The specific design varies: venture capital firms usually provide a straight one-fifth share of all income, while buyout firms commonly require an 8% hurdle rate of return before managers receive any carried interest. This profit-sharing arrangement aligns the incentives of fund managers (general partners, or GPs) with those of their investors (limited partners, or LPs). What makes carried interest particularly noteworthy is its favorable tax treatment: the grant of a profits interest is not treated as a taxable event, tax is deferred until the partnership realizes gains by selling investments, and distributions are typically taxed at the long-term capital gains rate rather than at ordinary income rates. This stands in stark contrast to corporate executive compensation, where stock option gains are generally taxed as ordinary income.
This tax treatment hinges on the allocation of profit to managers in excess of any contributed capital. Additionally, when fund income consists of qualified dividends or long-term capital gains, these are taxed at preferential rates rather than ordinary income rates.2
A Simple Example
A private equity firm raises $100 million and eventually sells its investments for $150 million. The profit of $50 million is split 20/80 between fund managers ($10 million) and investors ($40 million). If a ”hurdle rate” is in place (say 8 percent), the investors must first get an 8 percent annual return before the 20 percent carry kicks in.3
Proponents of carried interest tax reform argue that the payment to fund managers is compensation for services, rather than a return to capital. Under the tax code, labor is taxed at ordinary rates rather than at preferential capital income rates. There are many arguments for why capital is taxed at a lower rate than labor, and we do not engage in that discussion here. However, one argument for preferential tax treatment of capital income is to encourage investment – an argument that does not apply to carried interest insofar as it is a form of labor income.
Reform Options
Over the last twenty years, there have been a number of proposals related to reforming the taxation of carried interest. From 2007 to 2010, Rep. Levin introduced bills that would tax carried interest at ordinary rates; these bills passed the House but either stalled in the Senate or had their carried interest provisions removed from final legislation.4 From 2010 to 2016, President Obama included a proposal to tax carried interest as ordinary income in each of his budget proposals. During this time, Rep. Levin introduced the Carried Interest Fairness Act in 2012, Rep. Camp introduced the Tax Reform Act (2014) that included a carried interest proposal, and Reps. Levin and Baldwin introduced the Carried Interest Fairness Act of 2015.
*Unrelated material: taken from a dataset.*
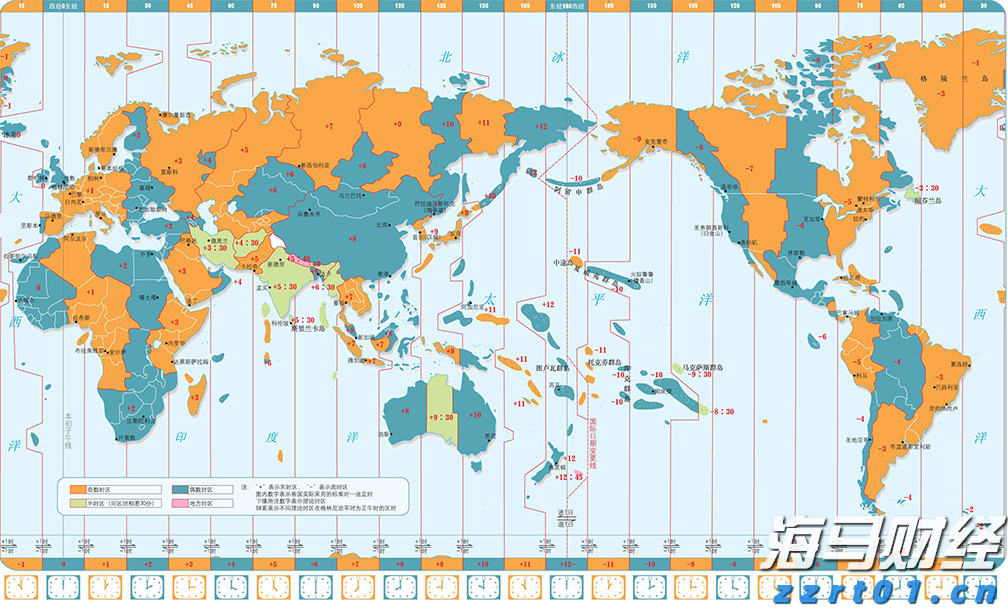 牵头制定国际标准1079项，中国标准海外影响力持续增强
In 2017, the Tax Cuts and Jobs Act was enacted into law. It included a provision that increased the holding period required for carried interest to qualify for the long-term capital gains rate from one to three years.5
From 2021 to 2024, the Biden administration proposed taxing carried interest as ordinary income for only those earning above $400,000 in income.6 During this period, carried interest proposals were included in a standalone bill (the Carried Interest Fairness Act) and as parts of larger bills (the Build Back Better Act and the Inflation Reduction Act), but no proposal was enacted.
In February 2025, Reps. Beyer and Gluesenkamp Perez introduced the Carried Interest Fairness Act of 2025, with Sen. Baldwin introducing an identical companion bill in the Senate.
Proposals have included full recharacterization of carried interest income as ordinary income and/or extending the holding period required to receive preferential rates. The revenue estimates have remained relatively consistent in recent years, ranging from $10 billion to $20 billion over ten years (depending on whether certain industries were carved out). However, recent research suggests that these estimates understate the potential revenue from a broad recharacterization of carried interest as ordinary income.
Historical Methodology and Changes
Any revenue estimate faces methodological and empirical challenges that introduce uncertainty into the final estimate. Estimating the budgetary effects of tax legislation requires forecasting taxpayer responses to policy changes, including potential modifications to labor supply, savings decisions, business organizational form, and the timing of economic transactions. These behavioral adjustments are particularly difficult to predict for truly novel policy proposals. Revenue estimates may also rely on macroeconomic assumptions for income growth, inflation, interest rates, or employment levels, each of which is subject to considerable forecast error over multi-year budget windows. Data limitations further complicate the estimation process, as information on taxpayer characteristics, income sources, and deduction patterns may be incomplete or outdated. All of the carried-interest revenue estimates were subject to these limitations. A particular issue with carried interest is that there does not exist an item on any tax form that identifies income as "carried interest." In fact, the only reported amount of carried interest is on a prospectus filed by a publicly traded partnership.
Given the lack of data, estimators are required to infer the amount of carried interest and behaviors associated with the change in its taxation. This can be done indirectly using the reported carried interest for some publicly traded partnerships. Extrapolating to other publicly traded partnerships and similar private partnerships, when deemed sufficiently similar, allows for a more comprehensive assessment of carried interest.
This carried interest income can then be adjusted for time lags, since carried interest in one year could represent compensation from previous years and may look different under the new taxation. These timing adjustments can be informed by information from publicly announced deals, among other information.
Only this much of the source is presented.